Exploring Curriculum

 

Image by kalhh from Pixabay

A definition:

Curriculum:

A nasty word conjuring up images of desks placed in isolation, checklists and a hurry up and finish mentality. Something that interferes with exploration and the natural processes of learning, creativity and curiosity.

This week we started exploring What is curriculum?  and I found myself pleasantly surprised with the actual ambiguity of a term I had long considered to be rigid and fixed. While the definition I propose above does not account for all of my experiences with curriculum, it surely comprised the vast majority of my early teaching experiences. I recall the checklist of outcomes I ran through, determined that all students should encounter each one before the end of the school year. After a few years as a teacher, my mentality around this began to change, and with the introduction of the newest curriculum, this changed even further. However, restraints are still there and I began to question the checklist even further during the time of COVID teaching and again after viewing one of the readings for the week by Egan, “Learning in Depth in a Franciscan Friary cell”.  In this blog post, Egan discusses the idea of Learning in Depth ( LiD) and reflects on his life experiences as a Franciscan novice in connection to this concept. The quote Egan used, by Thomas à Kempis, to encapsulate this experience into a singular sentences was “Your cell, if you consistently work in it, becomes sweet, but if you keep not to it, it becomes tedious and distasteful.” What Egan proposes is that time spent learning in depth allows learners to explore a topic in great detail leading to further interest and it thus “becomes sweet”. The opposite, which is often the case when checking off boxes, is that learners do not have the time to explore topics in depth and rather send time skimming the surface. This may result in learning (can we call this learning?) that feels “tedious and distasteful” as opposed to joyful.

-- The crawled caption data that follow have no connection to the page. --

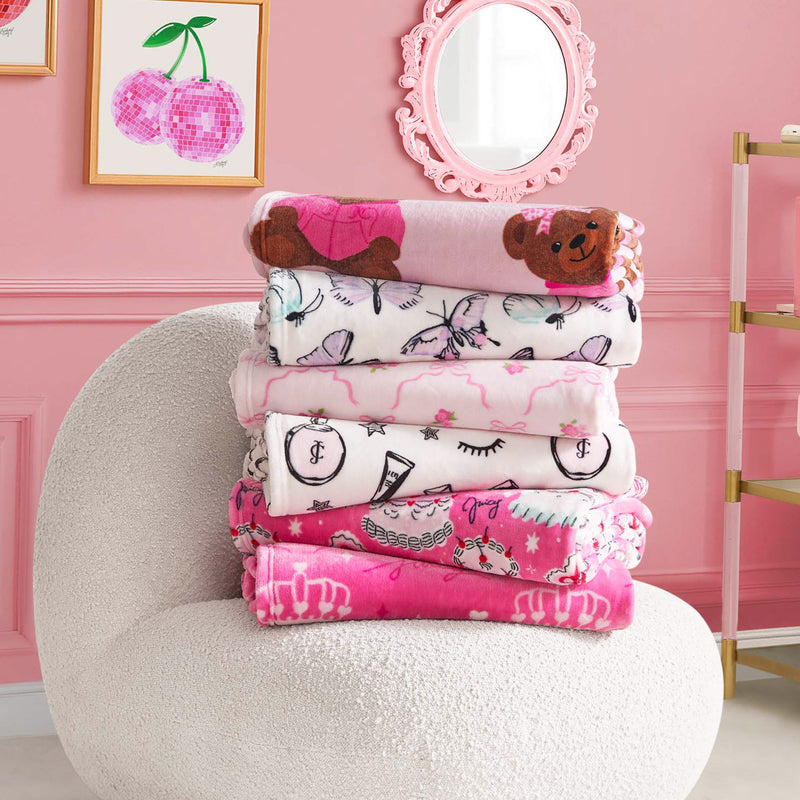 A stack of five ultra-soft blankets, including the Kids Plush Throw Blanket, rests on a plush white chair in a pink room with framed cherry art and a pink mirror on the wall.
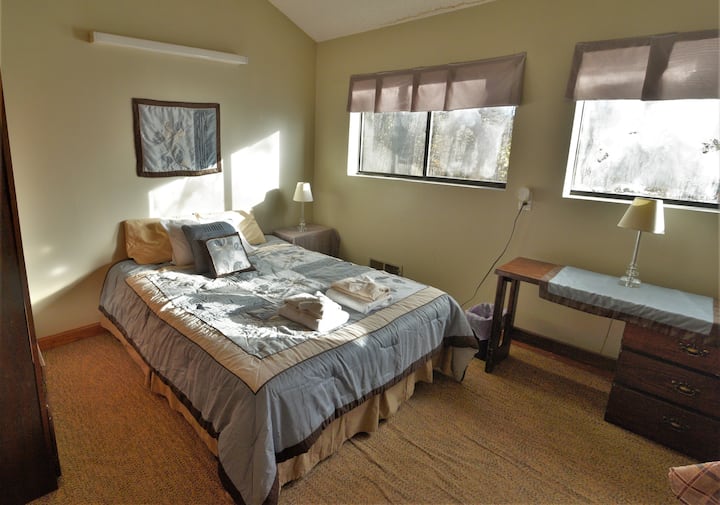 Bedroom 4 has a queen size bed and two bunk beds in a sunny setting with a great view of the valley below. 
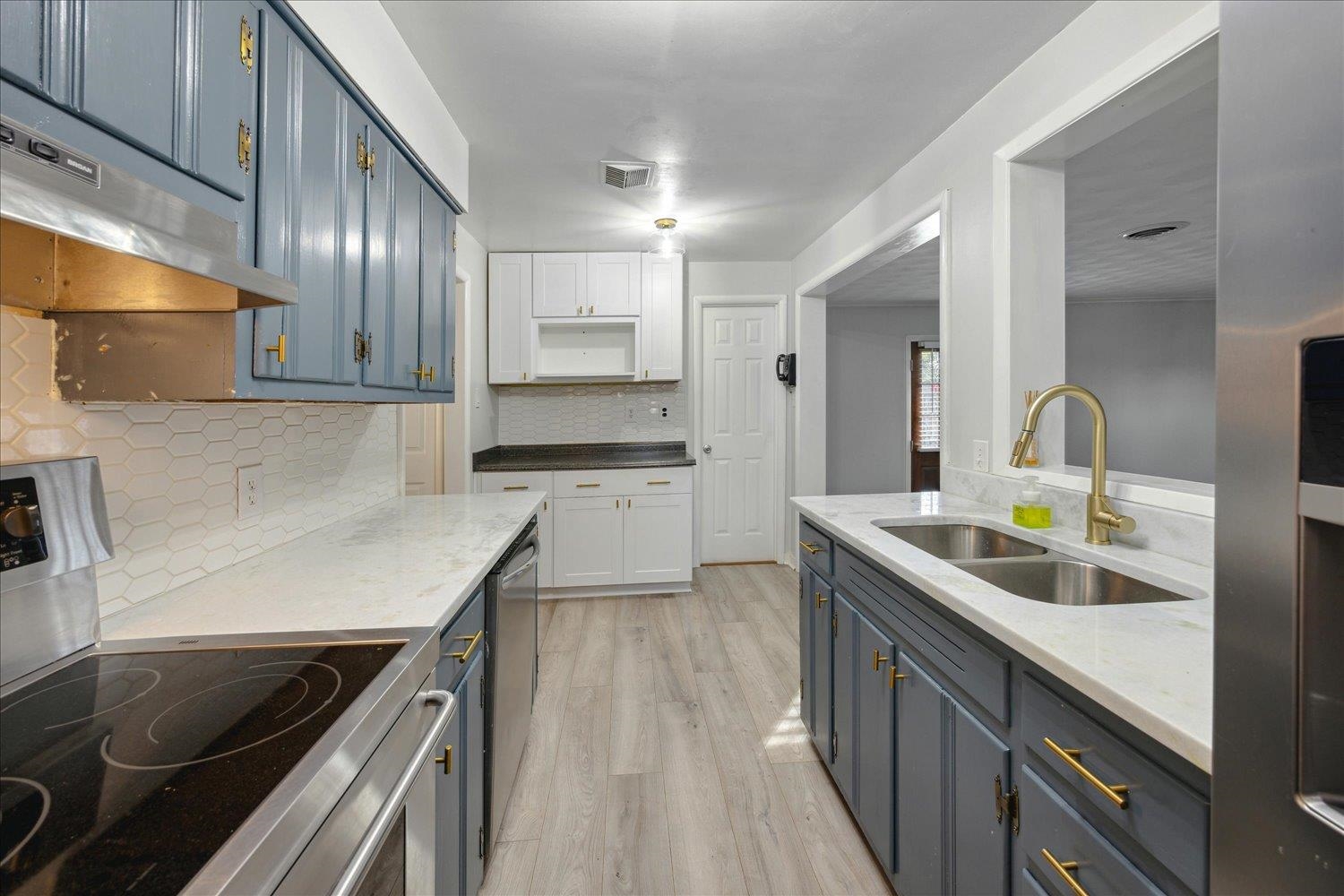 Kitchen with sink, blue cabinets, light hardwood / wood-style floors, white cabinets, and appliances with stainless steel finishes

Given this, how can one not want to include LiD within their curriculum? Do we as teachers not strive to create learning experiences such as these for our students? Can LiD and curriculum exist simultaneously? Is curriculum only defined by ministry documents, or is the scope larger than that? Curious, I spent a few minutes exploring some of the introductions within some of the Ministry documents. One notable quote from the ELA 8 document is the statement that “The components of the curriculum work together in a dynamic and flexible way to support deeper learning”. While this is included within the introduction for this particular course, I’m curious about how often this is considered within course planning and whether the content allows for the time needed to create deep learning.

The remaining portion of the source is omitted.